Fifty-five percent of parents surveyed said their child is planning to use student loans to pay for their education, an increase from 50% in 2012, according to results from Discover Student Loans’ fifth annual survey on trends in student loans.
The percent of parents who are willing to help their children with student, or other types of loans, to pay for college is also rising. Overall, 78% of parents expect to help their child pay for college while 75% are very or somewhat worried about having enough money to do so, according to the survey. Also, 61% of parents surveyed said they are very or somewhat likely to help their child pay back their loans, compared to 55% in 2012.
Discover Student Loans surveyed 1,000 adults with children ages 16-18 who are planning to attend college.
Most parents, when asked how much of their child’s education they could afford, said it would be up to 25% while the percentage who said they could afford all of it increased slightly from 9% in 2015 to 11% this year, according to the survey.

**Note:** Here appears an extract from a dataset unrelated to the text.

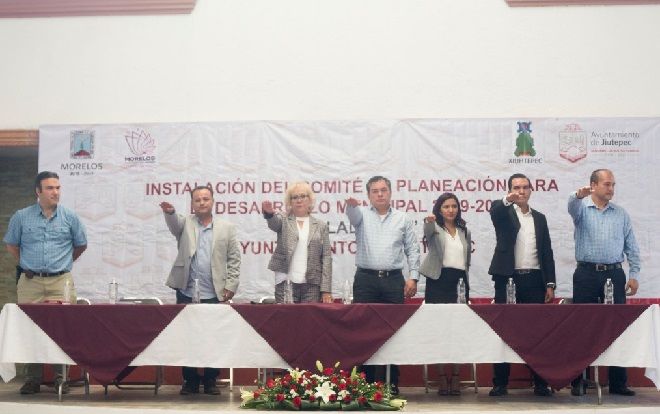 Destacó que hay tiempos de hacer gobierno y tiempos de hacer política, y la tarea en este momento es muy clara, atender en la medida de las posibilidades las demandas ciudadanas. Dijo que es hora de la reconciliación en Jiutepec y dejar atrás las confrontaciones políticas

Thirty-two percent of parents said student loans will cover the cost of their child’s education, followed by 27% who said they will use family savings.
"While a vast majority of parents still report that they want to help their children pay for college, it’s clear that students are being asked to take on more financial ownership than in previous years," said Danny Ray, president of Discover Student Loans. The cost of college is an important factor when deciding on a school and 43% of parents responded that they are limiting their child’s college choice based on price, according to the survey. "Interestingly, this number has decreased since last year, when nearly half, 48% said price was limiting the choice of college,” the survey results stated.Thirty-one percent of parents said it would be more cost effective for their child to attend a public university instead of a private university; 30% saw public universities as a more cost-effective alternative to community college. Parents are evenly split, with 42% saying yes and no, that they would be more likely to help pay for their child’s education if they major in a field that would help them find a job, according to the survey.
Overall, parents are slightly less worried that their children’s student loan debt will impact their ability to purchase a car or house after graduation. Fifty percent of parents said they are very worried about the impact of student loan debt on their children’s financial future, compared to 55% and 58% in 2014 and 2015, respectively, according to the survey.